Overview


The task of WISE 2015 Challenge is to match user identifiers from various websites. The task is the basis of many applications, such as opinion mining, online advertisement, and information recommendation. Since data from different sources if of different structure and contain different kinds of content, the task is challenging and of no standard solution.

We provide data crawled from three different websites in China, namely Renren, 36.cn, and Zhaopin, with a few known mappings of user identifiers. Attendees of the challenge are required to map user identifiers for those unlabeled users, if they are thought to be the same person. Note that this task is open, which means attendees can use not only data provided by the task but also any other open data that can be accessed.

Data


All data are stored in plain text and each record in every data set is stored in one row. Fields in one row are separated by "\t".

Examples of two rows are provided as follows: (Data Schema: Appendix.pdf)

1      1360536135      大学      2002-01-01      南京财经大学         南京财经大学(2002年)

2      1360536135      大学      2010-01-01      中国科学技术大学   MBA


Data are crawled from the following three websites:

  • Renren (http://www.renren.com/):

    Renren is one of the most popular social networking services in China. Users' public profiles from the website are provided.

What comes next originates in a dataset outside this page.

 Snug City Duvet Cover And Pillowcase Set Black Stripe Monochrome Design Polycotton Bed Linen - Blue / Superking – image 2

  • 36.cn (http://www.36.cn/):

    36.cn is an online job-hunting service in China. Users' open resumes from it are provided.

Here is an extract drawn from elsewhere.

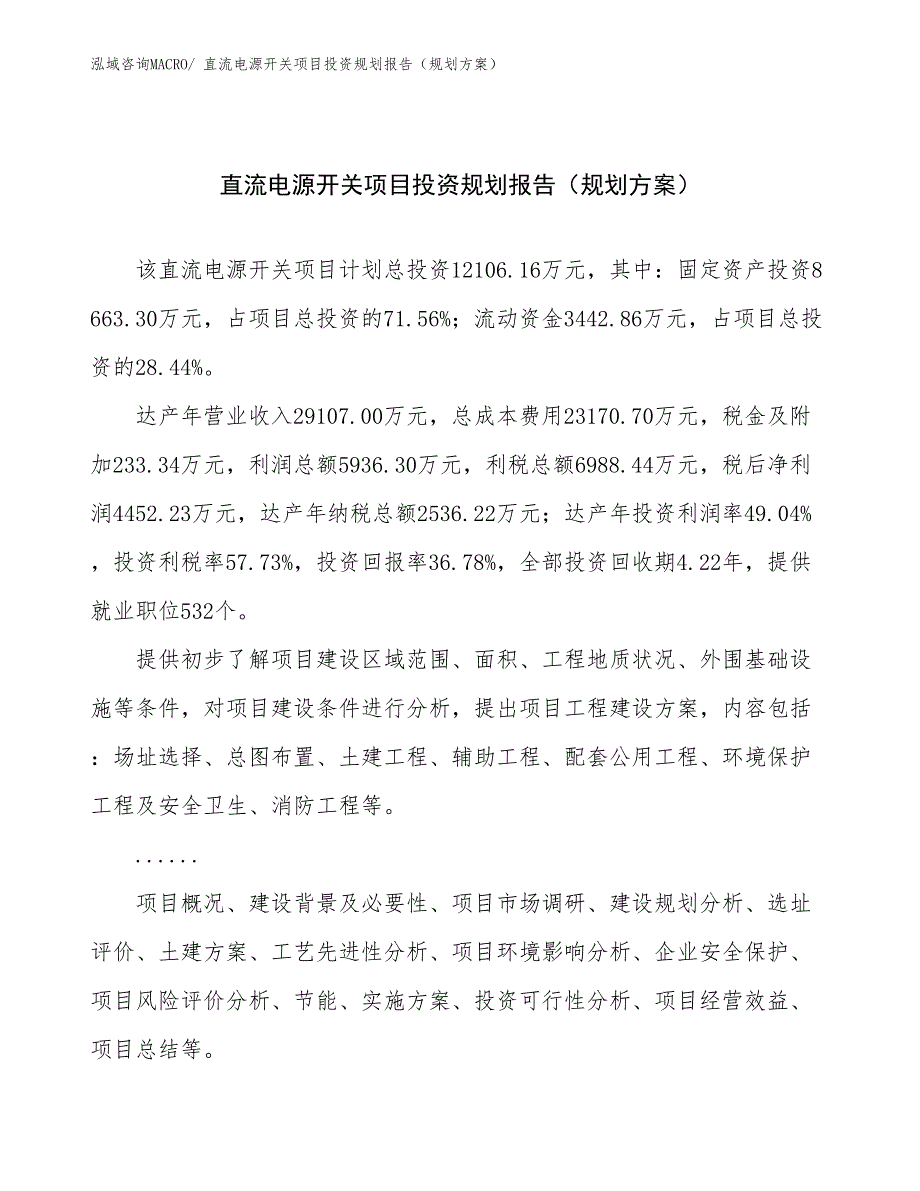 直流电源开关项目投资规划报告（规划方案）_第1页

  • Zhaopin (http://www.zhaopin.com/):

    Zhaopin is another online job-hunting service in China. Users' open resumes are provided.

The combination of a user identifier and a source identifier are used as the identifier of a record in this challenge.


We provide a training data set (train.zip) with known matches stored in the file answer.zip. We provide another testing data set (test.zip) on which attendees of the challenge should find matching pairs of user identifiers.

Data can be accessed from any one of the following three links:

Task


Given the data set, attendees are required to find solutions to automatically match user identifiers from different data sources representing the same person.

For example, there is a user profile record user_id1in src_id_1, with the form:

==============================================================

{"name":"Steven Paul Jobs", ...,"company":”Apple”, ...}.

==============================================================

And there is another user profile record user_id2in src_id_2, with the form:

==============================================================

{"name":"Steve Jobs", ..., "work_for":"Apple", ...}.

==============================================================

Note that in the above example, for convenience, the fields are annotated with field names, which is different to that in the data set we provide.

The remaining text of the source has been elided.